__Aim of the task__
Below are records with pictures in them. Transcribe everything from the line containing "Thumbnail image Case IH Magnum 210 16" down to the line containing "Wiseco Kawasaki KLX110", exactly, and leave the pictures behind.

__Task material__
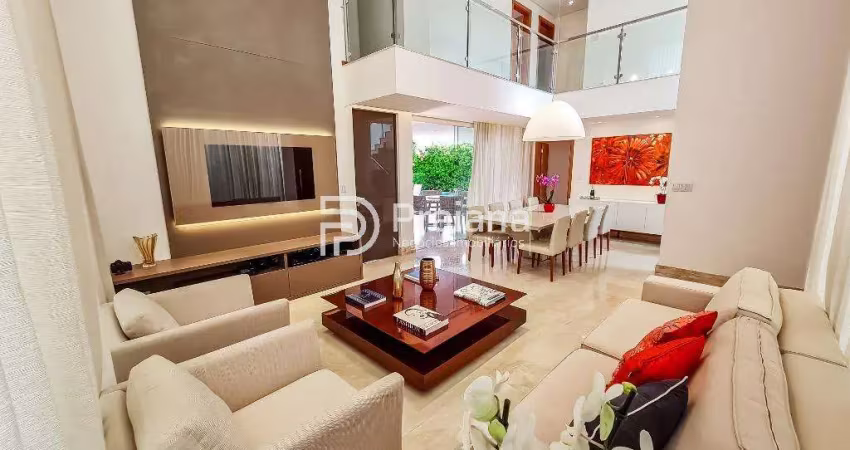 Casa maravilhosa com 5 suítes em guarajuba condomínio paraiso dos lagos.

---

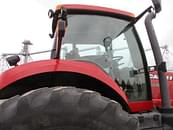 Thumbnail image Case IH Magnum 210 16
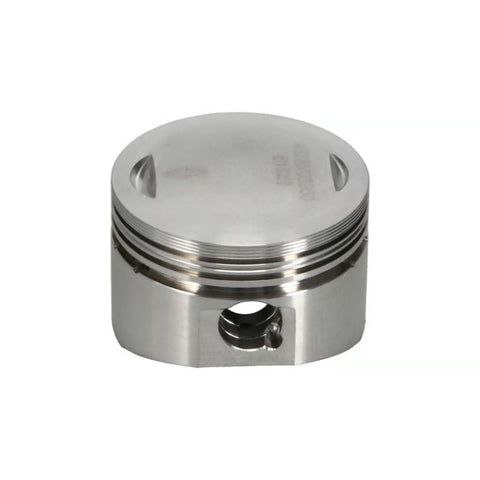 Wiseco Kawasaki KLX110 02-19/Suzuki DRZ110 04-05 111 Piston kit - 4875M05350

__Solution for this problem__
 Thumbnail image Case IH Magnum 210 16
 Wiseco Kawasaki KLX110 02-19/Suzuki DRZ110 04-05 111 Piston kit - 4875M05350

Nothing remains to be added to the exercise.